Reads in a chunk input file and then runs the relabeling process on that chunk and then saves the results to a new file.

Parameters:: nchunk (int) – The chunk number to read in.
Return type:: None

combine_subdivided(result_files)[source]

Combines the results of the subdivided relabeling process into a single, calculated result in the same format as the relabel output.

Parameters:: nchunks (int, optional) – The number of chunks that were combined. Default is 1.

relabel(interface=None, restart=False, **kwargs)[source]

Relabels the data in the entire selection in one go. Ideal for systems with small number of processors, and small datasets.

Parameters:

interface (object, optional) – The interface to use for relabeling.
**kwargs (dict, optional) – Additional arguments to pass to the interface.

static relabel_chunk(chunk, interface=None, **kwargs)[source]

Relabels a chunk of data. This is useful for large datasets, where one might want to relabel the data in chunks.

Parameters:

chunk (list) – The chunk of data to relabel.
interface (object, optional) – The interface to use for relabeling.
output_file (str, optional) – The file to save the relabeled data to.
**kwargs (dict, optional) – Additional arguments to pass to the interface.

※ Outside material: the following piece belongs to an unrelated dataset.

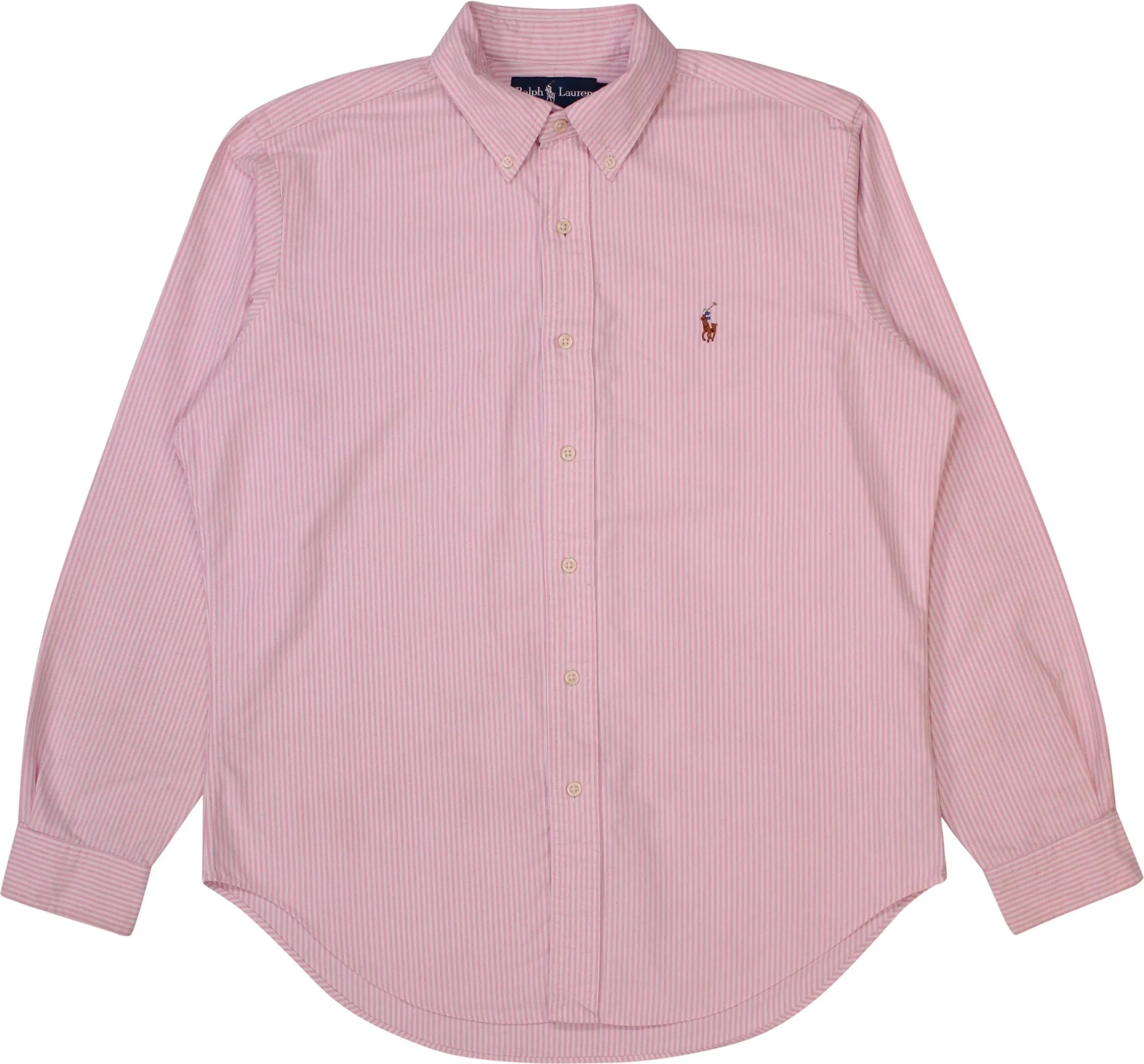 Ralph Lauren - Pink Striped Shirt by Ralph Lauren- ThriftTale.com - Vintage and second handclothing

select_data(database, query=None, select_collection=None)[source]

Select data that must be relabeled. This can either be a query or an entire collection of data.

Parameters:

database (pymongo.database.Database) – The database to select data from.
query (str, optional) – The query to select data from the database. If not provided, the entire collection will be selected.
select_collection (str, optional) – The collection to select data from the database. If not provided, the default collection will be used.

subdivided_relabel(nchunks=1)[source]

Sets up the relabeling process to be subdivided into smaller chunks with an equal number of tasks. This is ideal for systems with a large number of processors, or for HPC environments where one might want to do many tasks at once.

Parameters:: nchunks (int, optional) – The number of chunks to subdivide the relabeling process into. Default is 1.

to_database(database, level_of_theory=None)[source]: Saves the relabeled data back to the database.